Le souci de l’emploi en guise de cache-sexe


PAR JEAN-DANIEL DELLEY

Dès lors qu’il s’agit de réguler l’activité économique, l’argument-massue de l’emploi figure en bonne place dans l’arsenal des opposants. On se souvient de la campagne sur l’initiative populaire contre l’exportation d’armes dans les années 1970. L’industrie suisse de l’armement et ses quelques milliers d’emplois ne pourraient survivre à une telle interdiction, prétendaient-ils. L’argument est repris en 1997 sur le même sujet, à propos de la réduction de la durée du travail (1998 et 2002), la lex Weber sur les résidences secondaires (2012) et le salaire minimum (2014), entre autres.
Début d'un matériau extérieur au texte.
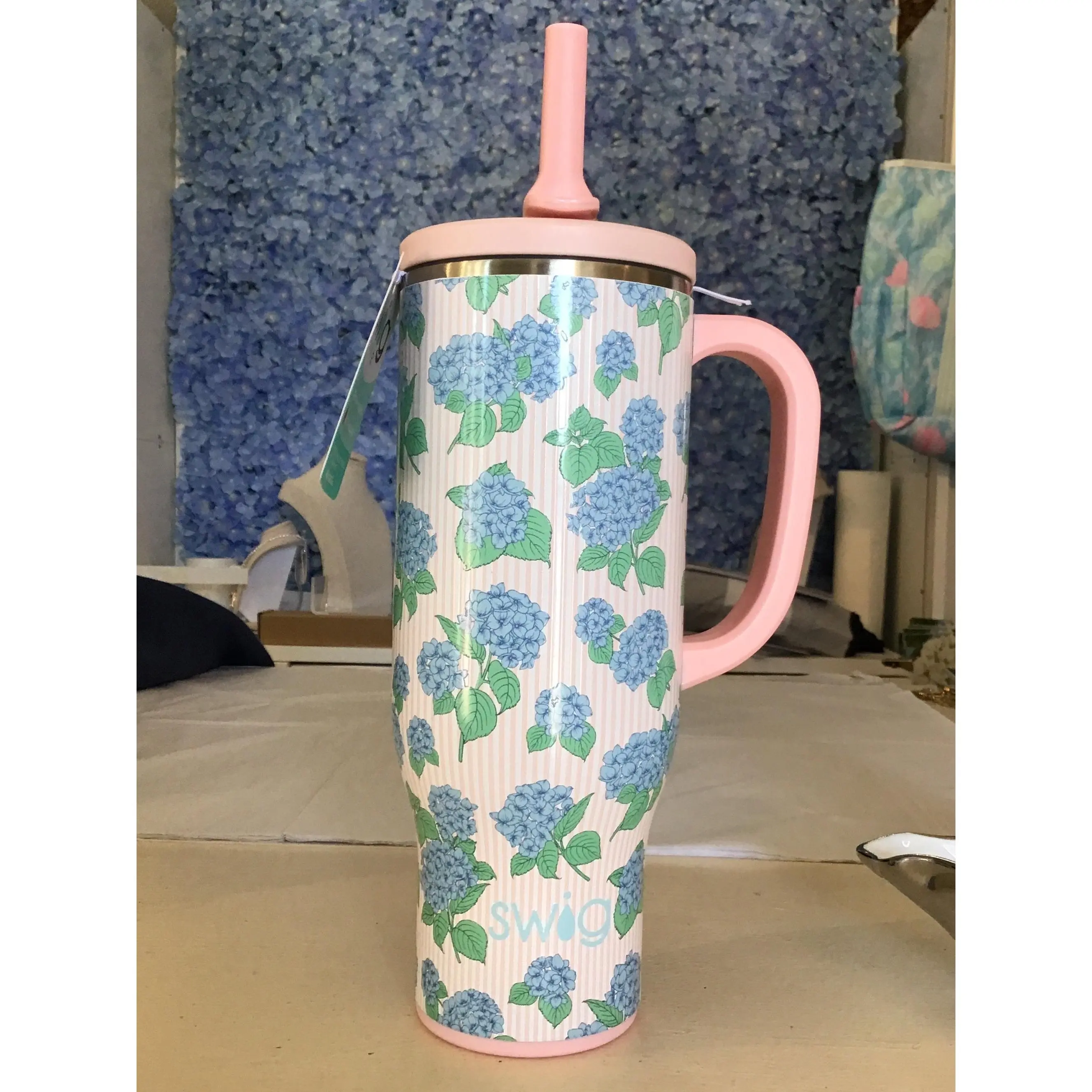 Swig 30oz mega mug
Aujourd’hui, les adversaires de l’initiative «Multinationales responsables» entonnent la même rengaine. Imposer aux entreprises suisses de se conformer aux standards internationaux en matière de droits humains et de protection de l’environnement reviendrait à sacrifier des emplois aussi bien en Suisse que dans les pays pauvres.

Le plus souvent cet argument s’avère tout simplement faux. Voyez le projet d’imposition du bénéfice des entreprises qui a vu une course au moins-disant, sous prétexte qu’un taux trop élevé – en réalité modeste en comparaison internationale – ferait fuir les entreprises multinationales. Or pour la plupart, ces dernières tiennent compte de nombreux autres critères pour s’établir en Suisse. 

En réalité, la baisse substantielle des taux d’imposition traduit la concurrence acharnée à laquelle se livre les cantons, chacun croyant tirer son épingle du jeu au détriment des autres. Tout récemment le demi-canton de Nidwald s’est illustré dans ce jeu destructeur en abaissant son taux de 6 à 5,1 %, mieux que Hong-Kong.

Des emplois seraient en danger si des entreprises ne respectaient pas les standards internationaux en matière de droits humains et d’environnement? Car il s’agit bien de cela, et non d’exigences helvétiques qui verraient la Suisse faire la leçon au monde.

Défendrions-nous des emplois qui mettent en danger la santé des employés et celle des populations environnantes? Des emplois qui imposent des conditions de travail indignes? L’emploi constitue-t-il l’objectif ultime de nos sociétés, à maintenir et à développer à n’importe quel prix? Ou ne représente-t-il qu’un moyen d’exercer des activités répondant aux besoins humains, lesquels besoins incluent également l’exigence de dignité des personnes et de respect du milieu naturel?

C’est à ces questions que nous invite à répondre l’initiative pour des multinationales responsables. Et si notre réponse conduit des sociétés comme Glencore à quitter la Suisse, nous ne nous en plaindrons pas. Elle et quelques autres, de par leurs politiques prédatrices, ne contribuent qu’à salir la réputation du pays.

Celles et ceux – organisations économiques, partis et parlementaires – qui semblent si préoccupés par l’impact  de cette initiative sur l’emploi, les a-t-on jamais entendus réagir à la disparition des postes de travail dans les secteurs déclinants de l’économie et aux licenciements ne visant qu’à l’optimisation des bénéfices? Les avons-nous vus monter au front pour proposer une véritable offensive de formation continue et de réinsertion professionnelle, et améliorer la protection des salariés?

Brandir la défense de l’emploi contre l’initiative «Multinationales responsables», c’est faire usage d’un cache-sexe pour protéger une économie qui ne tolère aucune entrave à son libre exercice, qui est devenue le but suprême de notre société.